I apologize for any offense you (or anyone else) may have taken. Sometimes
I (we) like to toss in a little humor from time to time. That was the only
intent.
Jim
|
889.2 | i'm with you, Rik | DYPSS1::DYSERT | Barry - Custom Software Development | Fri Apr 26 1996 13:23 | 20 |
| Welcome, Rik. I'm so glad you posted this. I am not a novice to Notes
(having cut my teeth on the old K-note "product" a dozen or so years
ago), nor am I a novice to CHRISTIAN. The snarfing is a relatively new
(compared to the past dozen years) activity.

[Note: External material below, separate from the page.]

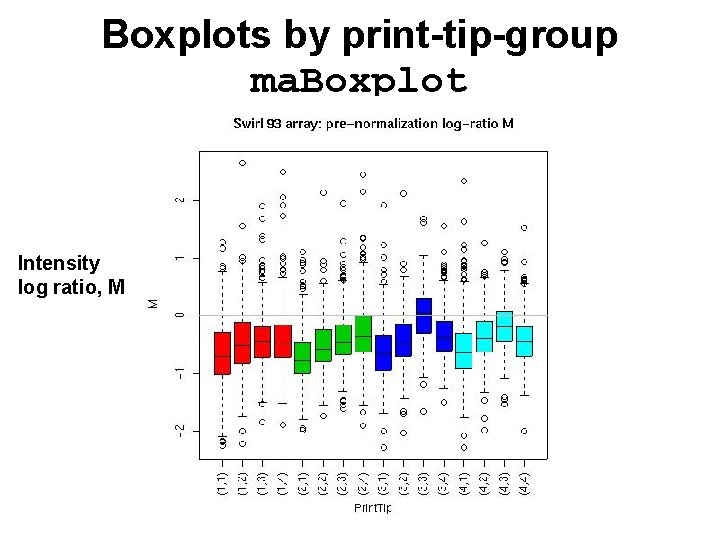Boxplots by print-tip-group ma. Boxplot Intensity log ratio, M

To be honest, and I may surprise many here by saying this, I have never
liked snarfing either. I guess it's a way for someone to exercise their
creativity and/or take a breather during an otherwise tiring day. For
those inclined to snarf, I'd guess that they really wouldn't have much
opportunity to do so in a designated snarf topic. Too bad, too. As you
say, snarfing does tend to break up the thread of a discussion. Imagine
how I'd feel if I was pouring my heart out to the brethren/sistern here
about some tragedy in my life, only to have a snarf pop in.
Thanks for voicing your concern, Rik. Although it's always bugged me,
I've gotten used to zipping past the snarfs without too much of an
interruption in my train of thought. I guess between the two of us we
have, well, two that have declared our displeasure with snarfing.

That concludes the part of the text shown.